1.Bonn sollte symbolische Hauptstadt bleiben, weil es all das verkörpert, was Deutschlands Nachbarn in Deutschland sehen möchten: Bonn ist bescheiden, ruhig, unbedrohlich, eben »gemütlich«. Ausländische Gäste können friedvoll ihre Besuche abhalten, amerikanische Präsidenten und andere internationale Führungsspitzen können sich überall und zu jeder Zeit zeigen, ohne dabei Sicherheitsalpträume auszustehen. Bonn wird den europäischen Freunden zeigen, daß Deutschland die Europäische Gemeinschaft sehr ernst nimmt. Die Deutschen könnten ihren Nachbarn dann sagen: Wozu braucht man Berlin, wenn man Brüssel hat? Vielleicht könnten sie sogar einen Handel schließen: Deutschland behält Bonn als Hauptstadt bei, wenn die EG Frankfurt zur Heimat der Europäischen Zentralbank macht. Die Deutschen werden sowieso die Geldpolitik der EG bestimmen. Bonn würde auch beweisen, daß die Deutschen nicht wieder von sich selber besessen sind, daß sie nicht mehr nach der Art von Macht gieren, wie sie solch eine hoheitsvolle Stadt vermuten läßt. Es würde auch beweisen, daß die Deutschen den dezentralisierten Föderalismus sehr ernst nehmen. Machen Sie Bonn auch zu Ihrer symbolischen Hauptstadt! Dieser Akt würde zeigen, daß die Deutschen doch einen Sinn für Humor haben — und politische Bescheidenheit.
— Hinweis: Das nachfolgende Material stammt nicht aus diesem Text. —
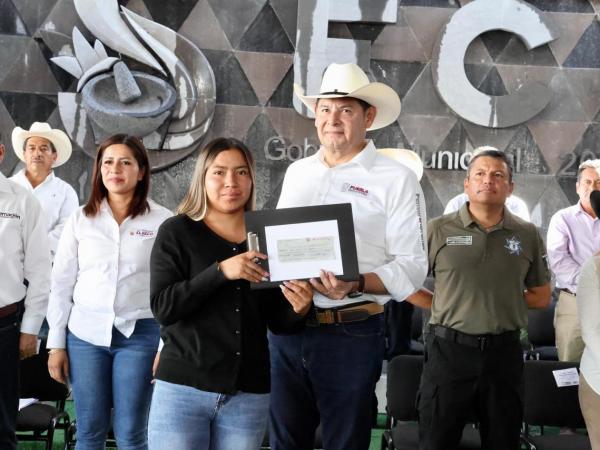 En El Seco, Gobierno Estatal impulsa riqueza comunitaria con obra y apoyos al campo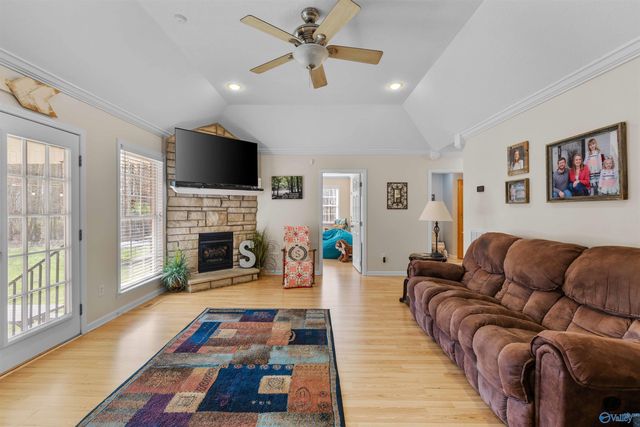 1620 County Road 160, Crossville, AL 35962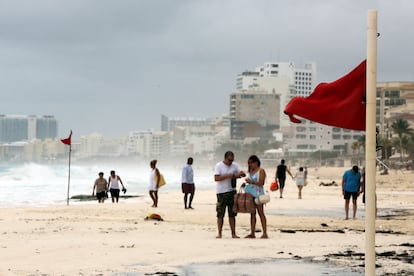 Mara Lezama y las autoridades de protección civil han llamado a la población a mantenerse informada a través de los canales oficiales y a seguir las recomendaciones de seguridad en la zona de prevención que va desde Cabo Catoche hasta Tulum (Quintana Roo), incluido Cozumel.
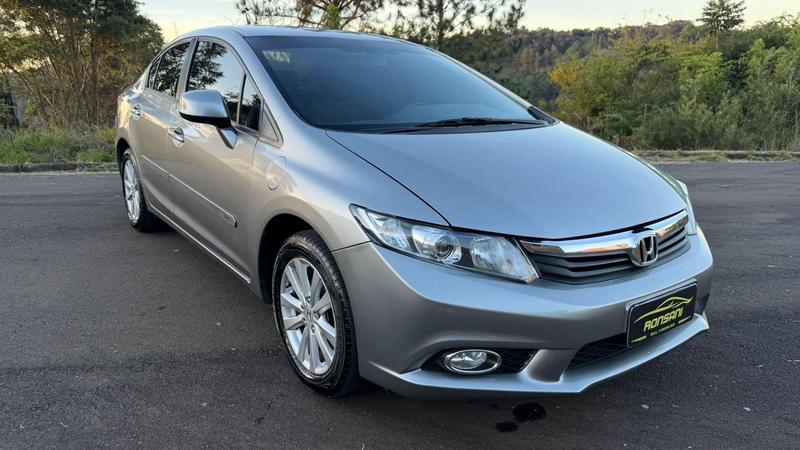 Honda Civic Sedan Lxs 1.8 1.8 Flex 16V Aut. 4P - foto 2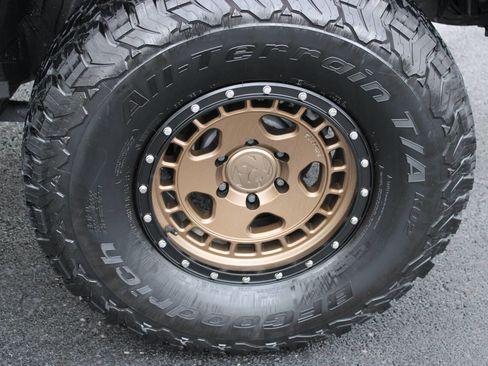 Used 2023 Ford Bronco Wildtrak image 13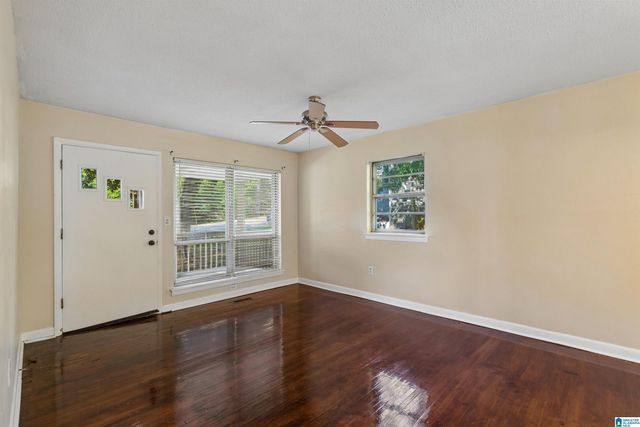 1128 ROBERT E LEE STREET, Leeds, AL 35094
2.Berlin aber sollte Regierungssitz sein. Da bin ich mir ganz sicher. Deutsche Bundestagsabgeordnete mögen Ordnung so sehr, daß es mich immens befriedigen würde, wenn sie mit der täglichen Unordnung in Berlin konfrontiert würden. Sie würden dann täglich Dingen wie polnischen Kauflustigen, rumänischen Taschendieben, Linksradikalen und Neofaschisten gegenüberstehen. Sie würden auch mit ihrer eigenen Geschichte konfrontiert werden. Hitlers Bunker, der ehemalige Sitz des Gestapo-Hauptquartiers, jüdische Synagogen, die in der »Reichskristallnacht« abgebrannt wurden, und die mannigfaltigen Probleme der Nicht-mehr-DDR. Man sollte jedoch sicherstellen, daß die Abgeordneten nicht wieder denselben Generalpardon genießen wie in Bonn. Sie sollten genauso nach Parkplätzen suchen wie wir anderen auch. Es könnte die Natur deutscher Gesetzgebung verändern, wenn man die Gesetzesmacher näher an die Probleme des Landes bringen könnte.

So, da haben Sie's. Bonn für die Welt und Berlin für die Deutschen. Völlig undurchführbar und völlig logisch.

Oh, ich habe übrigens auch ein privates Anliegen! Ich möchte, daß die Regierung hierherkommt, weil ich meinen Bossen klargemacht habe, daß ich nie wieder nach Bonn zurückziehen werde.

Friedrich Kempe arbeitet seit Mai 1990 als Korrespondent des 'Wallstreet Journal‘ in Berlin.